# Input records
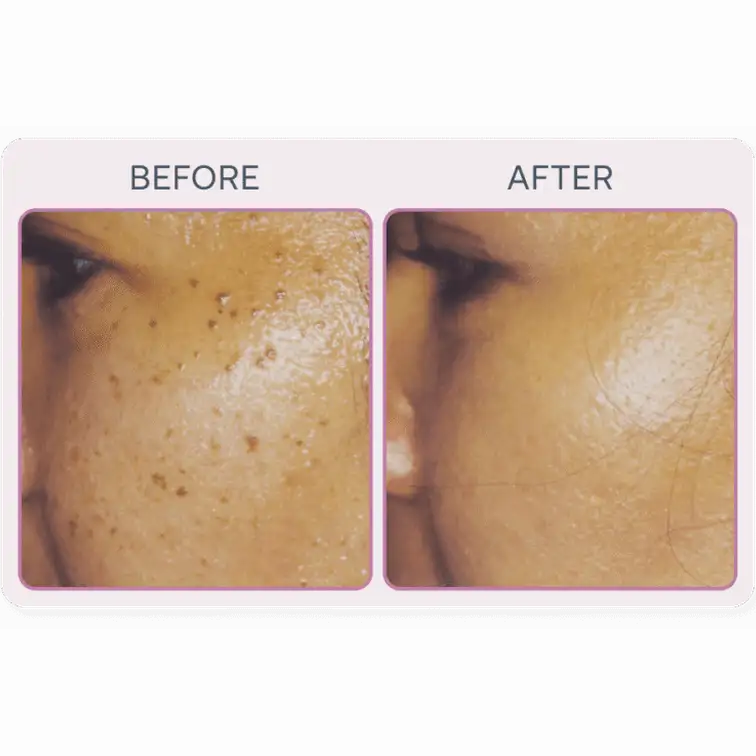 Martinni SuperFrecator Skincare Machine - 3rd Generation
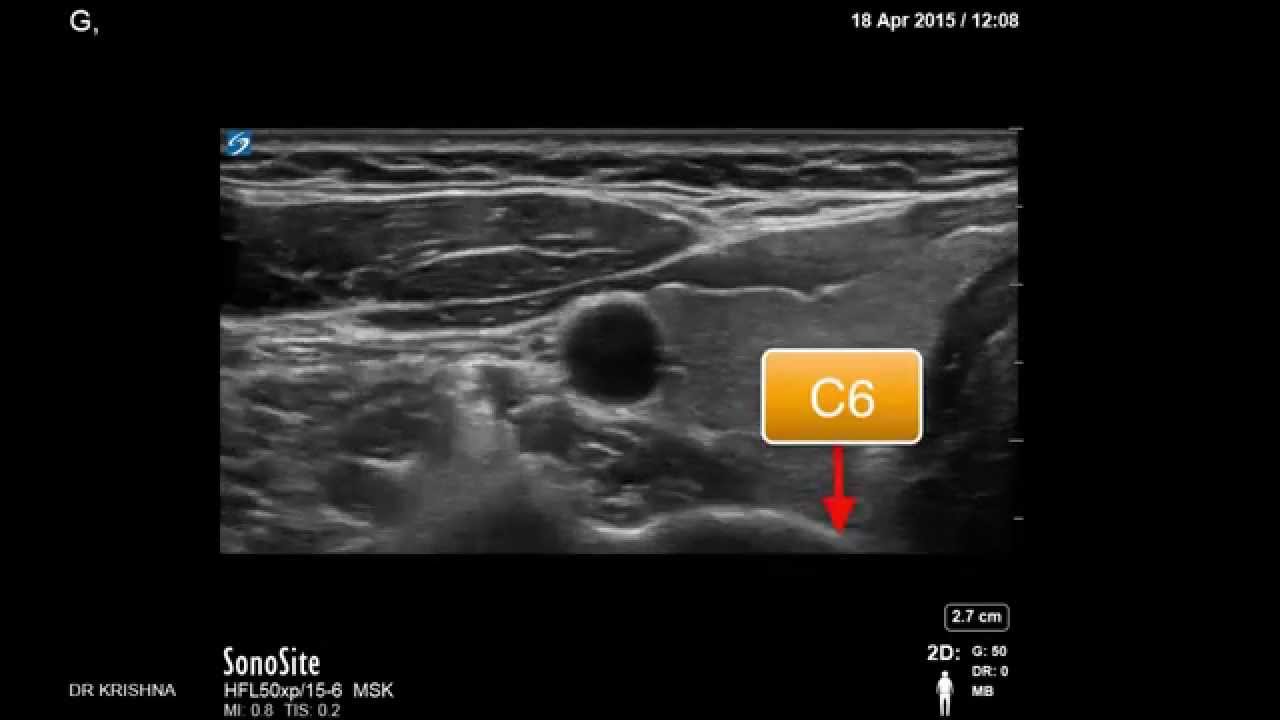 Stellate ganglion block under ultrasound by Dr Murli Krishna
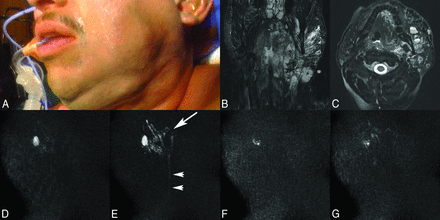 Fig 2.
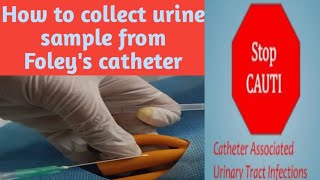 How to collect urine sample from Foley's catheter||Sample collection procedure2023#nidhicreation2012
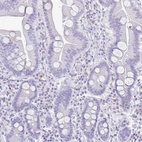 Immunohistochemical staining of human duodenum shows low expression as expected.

# What the task requires
Would you please copy the listing exactly, omitting every picture?

# Response below
 Martinni SuperFrecator Skincare Machine - 3rd Generation
 Stellate ganglion block under ultrasound by Dr Murli Krishna
 Fig 2.
 How to collect urine sample from Foley's catheter||Sample collection procedure2023#nidhicreation2012
 Immunohistochemical staining of human duodenum shows low expression as expected.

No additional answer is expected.